Risks Specific to Older Adults
People over 65 face a distinct set of concerns with Ativan. The American Geriatrics Society lists all benzodiazepines, including lorazepam, on its Beers Criteria, a widely used guide to medications that are potentially inappropriate for older adults. The reasons are specific: older adults metabolize these drugs more slowly, their brains are more sensitive to the sedating effects, and the consequences of impairment are more severe.

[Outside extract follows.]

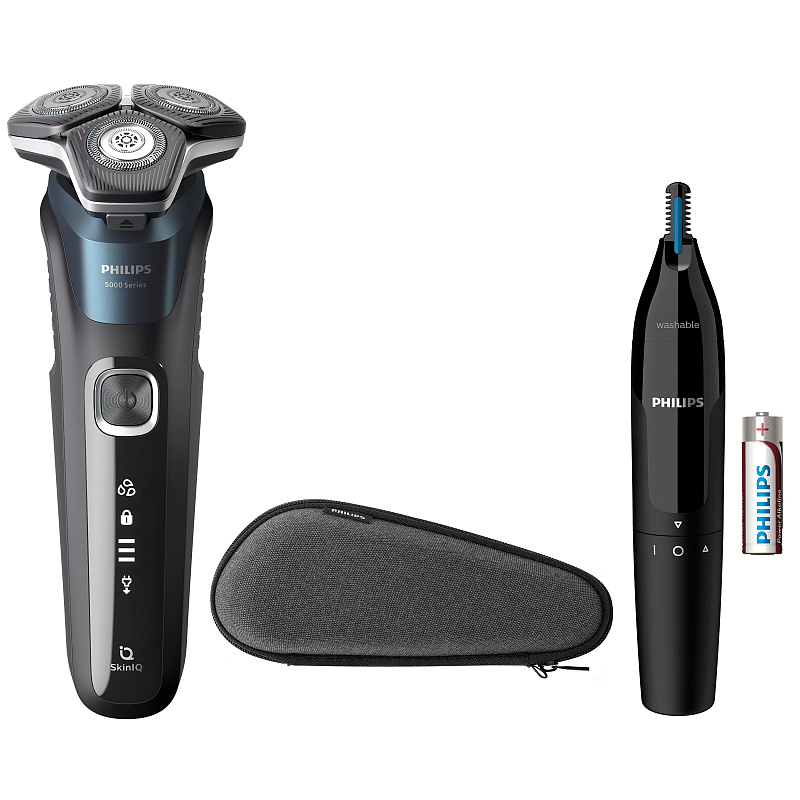Philips SHAVER Series 5000 S5889/11 Elektrischer Nass- und Trockenrasierer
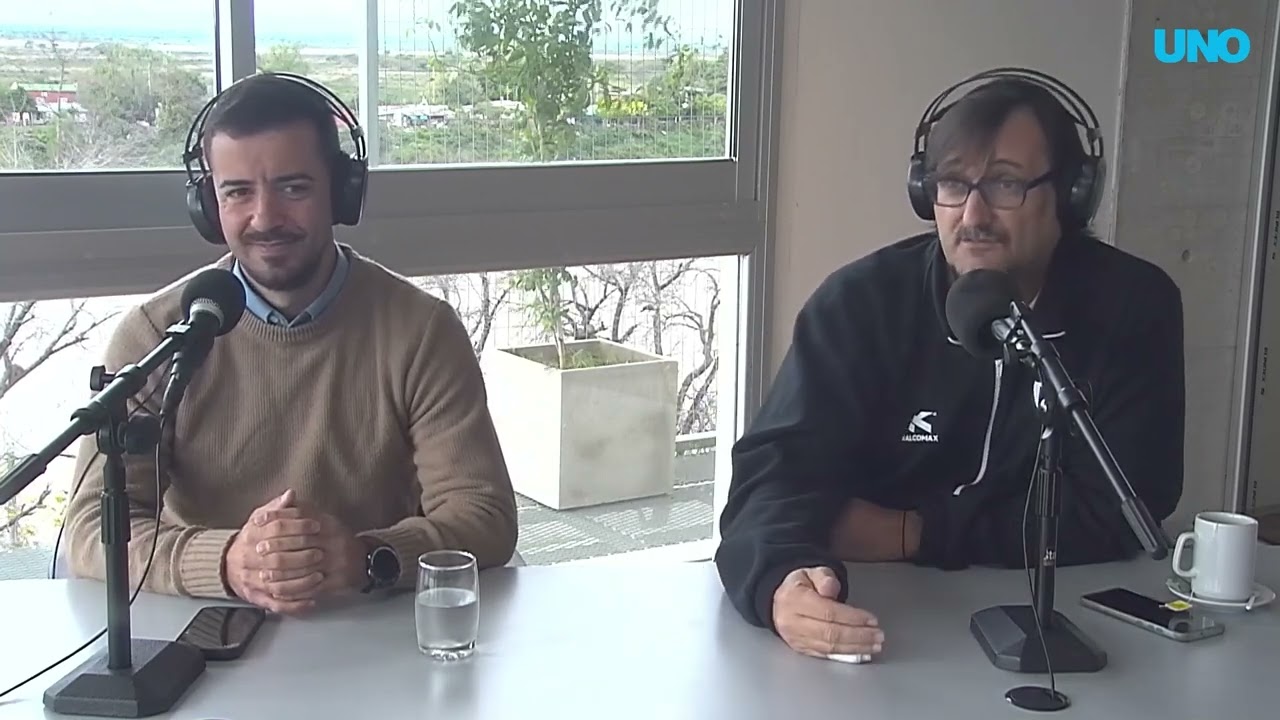 Fabrizio Galateo y Cristian Speratti hablaron del trabajo de las selecciones de la LSF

All benzodiazepines increase the risk of cognitive impairment, delirium, falls, fractures, and car crashes in older adults. Shorter-acting benzodiazepines like Ativan are not safer than longer-acting ones when it comes to fall risk. For people with dementia or existing cognitive impairment, the recommendation is to avoid benzodiazepines entirely due to their effects on the central nervous system. The continued use of benzodiazepines in older adults may also lead to clinically significant physical dependence.
The Danger of Mixing With Alcohol or Opioids
Combining Ativan with alcohol is one of the most dangerous things you can do with this medication. Both substances amplify GABA activity in the brain, and together their effects don’t just add up, they become overpowering. Alcohol intensifies benzodiazepine sedation, worsens balance, slows reaction time further, and increases the risk of confusion, fainting, and respiratory depression. Respiratory depression, where breathing becomes dangerously slow or shallow, is the primary way this combination becomes fatal.

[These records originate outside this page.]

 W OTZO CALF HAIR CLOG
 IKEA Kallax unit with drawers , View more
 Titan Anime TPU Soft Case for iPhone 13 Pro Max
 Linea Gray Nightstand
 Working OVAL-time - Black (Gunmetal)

The FDA has placed a boxed warning (the most serious warning category) on all benzodiazepines regarding their use with opioids. Combining these drugs with opioid pain relievers, alcohol, or other sedating substances can cause severe respiratory depression and death. This warning also applies to people taking medications for opioid addiction, though stopping those medications isn’t recommended either. The risk requires careful management rather than avoidance of treatment.
Dependence and Withdrawal
Physical dependence can develop with regular Ativan use, even at prescribed doses. Your brain adapts to the increased GABA activity by becoming less responsive to it over time. This is tolerance, and it can begin after just a few doses. Once dependence sets in, stopping the drug abruptly can trigger withdrawal symptoms that range from rebound anxiety and insomnia to more serious reactions like seizures.

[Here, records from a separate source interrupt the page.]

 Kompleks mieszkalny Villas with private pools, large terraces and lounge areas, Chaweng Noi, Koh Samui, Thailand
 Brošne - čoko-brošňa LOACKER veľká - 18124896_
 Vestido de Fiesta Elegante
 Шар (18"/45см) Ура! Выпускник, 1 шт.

The FDA’s updated boxed warning specifically addresses this: abuse, addiction, physical dependence, and withdrawal reactions are recognized risks of all benzodiazepines. Ativan has a half-life of roughly 14 hours, meaning it takes about that long for half the drug to leave your body. That relatively short window means withdrawal symptoms can begin within a day of the last dose for someone who is physically dependent. Tapering off gradually under medical guidance is the standard approach to discontinuation.
Signs of Overdose
Ativan overdose looks like an extreme version of its normal side effects: profound fatigue, loss of coordination, involuntary muscle spasms, confusion, and difficulty staying conscious. The threshold for overdose varies by person and depends on weight, age, metabolic rate, tolerance, and whether other substances are involved. Any amount above what was prescribed can potentially cause overdose.
The most dangerous symptom is respiratory depression. A fatal overdose from Ativan alone is less common than overdose involving multiple substances, but a non-fatal overdose can still become life-threatening if slowed breathing isn’t recognized and treated. Difficulty waking someone up, very slow or shallow breathing, and a bluish tint to lips or fingertips are emergency signs.